For this exercise, restate every line below word for word and drop the images.

• Data section:
************
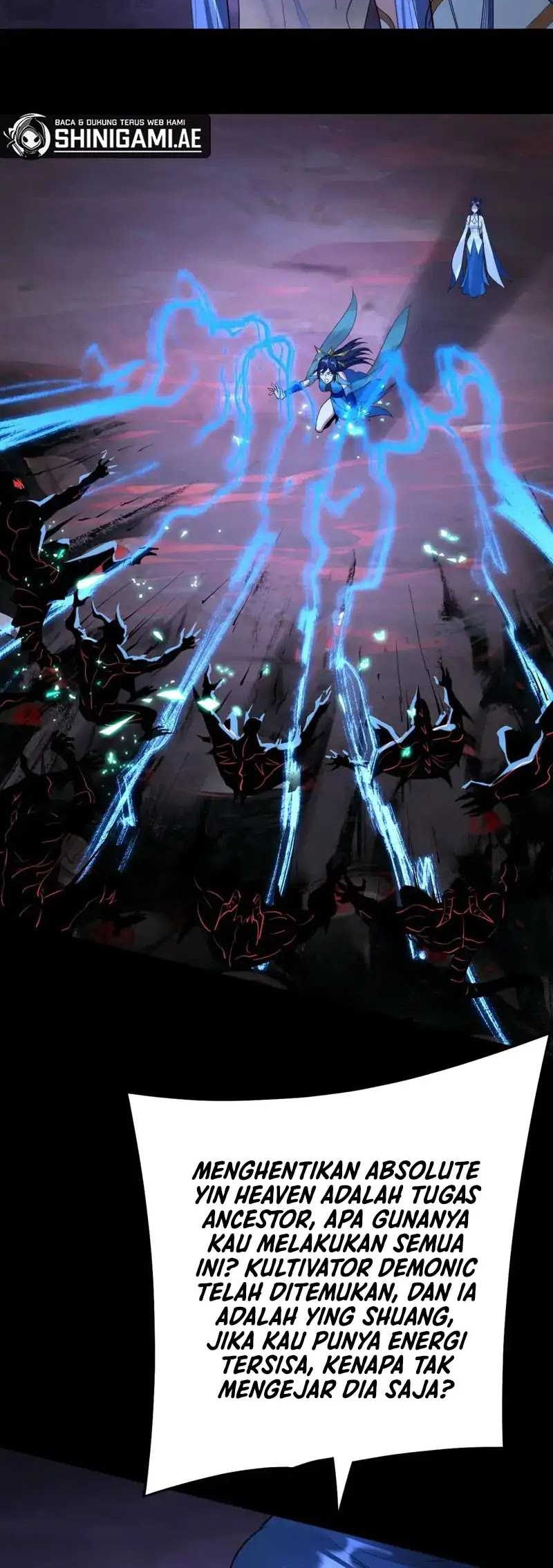 The Villain Of Destiny Chapter 125 Gambar 9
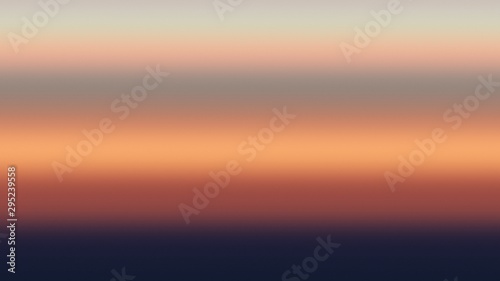 Gold sky background gradient abstract, blur.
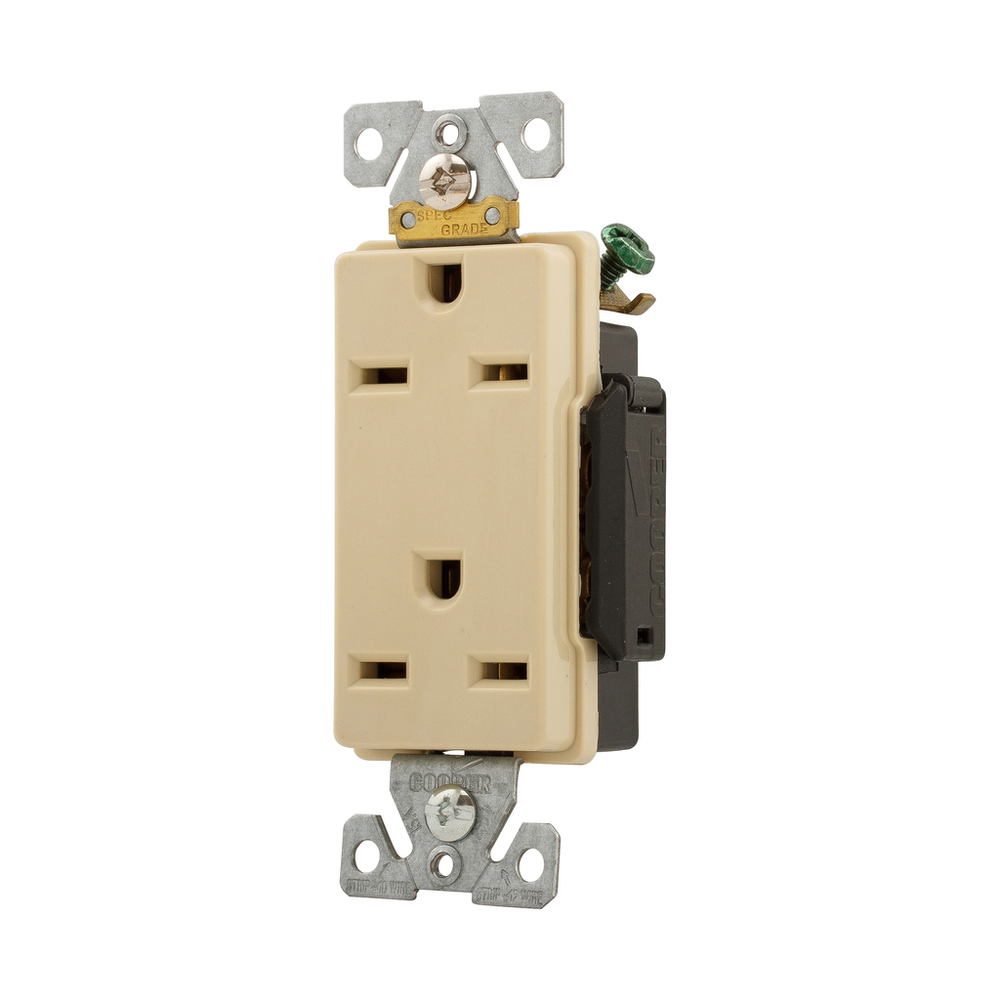 Image of Cooper Wiring Devices 6662V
************
• Answer to the exercise:
 The Villain Of Destiny Chapter 125 Gambar 9
 Gold sky background gradient abstract, blur.
 Image of Cooper Wiring Devices 6662V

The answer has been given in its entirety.